— Затем, что пришло время немного повзрослеть, любовь моя. Я не могу вечно следить за тобой. У меня много других забот. И Терц научит тебя Слову лучше, чем я. Он опытен в таких делах...
— Зачем?
— Такова воля Слова. Как учили меня, так будут учить и тебя. Ты не все время будешь детенышем. А я стану гордиться тобой и любить тебя больше, если ты будешь учиться.
— Зачем?
— Не бойся, Люцерн. Терц добрый и позаботится о тебе. Люцерн...
Но, не дослушав, маленький Люцерн расплакался.

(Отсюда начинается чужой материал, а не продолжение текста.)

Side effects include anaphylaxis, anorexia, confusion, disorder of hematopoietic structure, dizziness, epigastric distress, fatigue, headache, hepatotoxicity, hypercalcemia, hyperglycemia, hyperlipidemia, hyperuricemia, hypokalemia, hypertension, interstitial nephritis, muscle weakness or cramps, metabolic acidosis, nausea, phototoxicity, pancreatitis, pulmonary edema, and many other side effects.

О да, Хенбейн вспомнила все это, до самого последнего момента: и медленное, изощренное запугивание, и угрозы лишить его своей любви, которыми она частенько пользовалась для своих целей. Губы Люцерна дрожали, он отчаянно хотел довериться матери, но не мог...
— Все будет хорошо? То есть... Я смогу с тобой видеться? Часто?
— Да, по мере надобности.
По мере надобности! Какой кротенок догадается спросить: а кто определит, когда возникнет эта надобность? Какой кротенок догадается, что та, кому он доверял больше всех в мире, передаст право судить об этой жизненно необходимой надобности такому кроту, как Терц? Это предательство оставило в его душе заразу более тлетворную, чем самая страшная парша или чума. Такое предательство любви может уничтожить крота, и часто уничтожает.

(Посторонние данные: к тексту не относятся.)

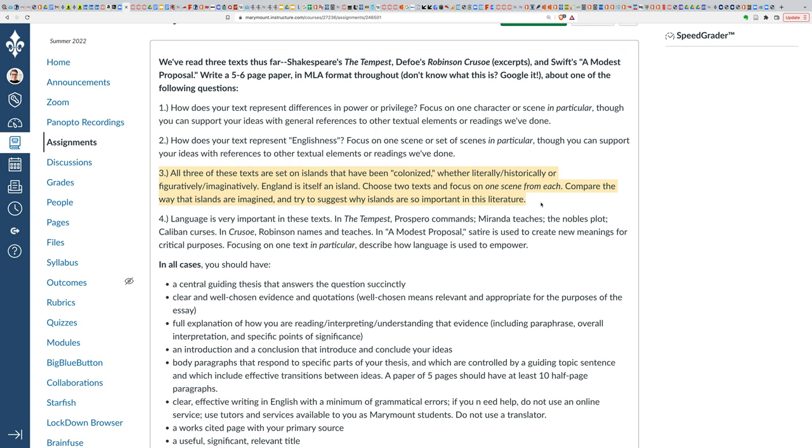So choose two texts and focus in on specific aspects, and then compare the way that islands are imagined, trying to suggest why islands are so important in this literature. Your thesis would be something like: in both The Tempest and A Modest Proposal, the role of the island is displaced from England, and in each case, they're treated as laboratories for social experimentation, in different ways. That would be one similar kind of thesis statement. Your thesis statement should be an answer to the question: How are islands imagined? Why are islands so important in this literature?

В муках Хенбейн вспоминала, как накануне Самой Долгой Ночи Люцерн проснулся с криком. Но насколько ее нынешние муки страшнее тех, что она испытала в последний момент, когда вместе с Люцерном свернула за угол и вошла в нору, где ждал Терц. Тогда она еще сомневалась, еще могла поддаться сомнениям.

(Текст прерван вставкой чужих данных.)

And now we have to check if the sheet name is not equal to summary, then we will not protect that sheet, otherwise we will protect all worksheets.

— Почему же я не поддалась? Почему?
Горьки ее мучения, горше смерти, когда очень любишь жизнь. Горьки, как жизнь, прожитая впустую.
Свернув за темный угол, Люцерн взглянул на мать, инстинктивно веря в спасение, а она сказала:
— Все будет хорошо.
И эти слова эхом отразили его страх, он понял, что хорошо не будет.
Потом, когда Люцерн в последний раз выдавил храбрую улыбку, обозначившую конец его невинности, изъеденные временем известняковые стены расступились, и там, в тени, дожидался Терц — спокойный, уверенный, не сомневающийся в своей власти. Он улыбался.
Рядом были двое кротят не старше самого Люцерна. Благоговейно взирая на Хенбейн, они зашептались: — Госпожа Слова! Госпожа Слова! — и почтительно склонили рыльца. А потом взглянули на Люцерна, а он на них.
— Это Люцерн, — представил его Терц.
— Клаудер, — сказал самец. Почтительно, но недружелюбно.
— Мэллис, — представилась самочка. Почтительно и расчетливо.
Когда Люцерн присоединился к ним и Терц повернулся, чтобы увести кротят в тайную нору на севере от Высокого Сидима, где их ждало длительное и усердное обучение, Хенбейн отчетливо ощутила, что у нее отняли сына.
— Поздно, — прошептала она, когда они скрылись. Так началось воспитание Люцерна.
Даже теперь о страшном обучении сидимов известно мало. Ничего подобного не существовало во всем опыте кротов Камня, даже в Аффингтоне в самые аскетические периоды. Единственное подробное описание этого обучения оставлено Мэйуидом со слов Сликит, сделанное кротовьи годы спустя после того, как она покинула Верн и, отринув Слово, жила в Данктоне.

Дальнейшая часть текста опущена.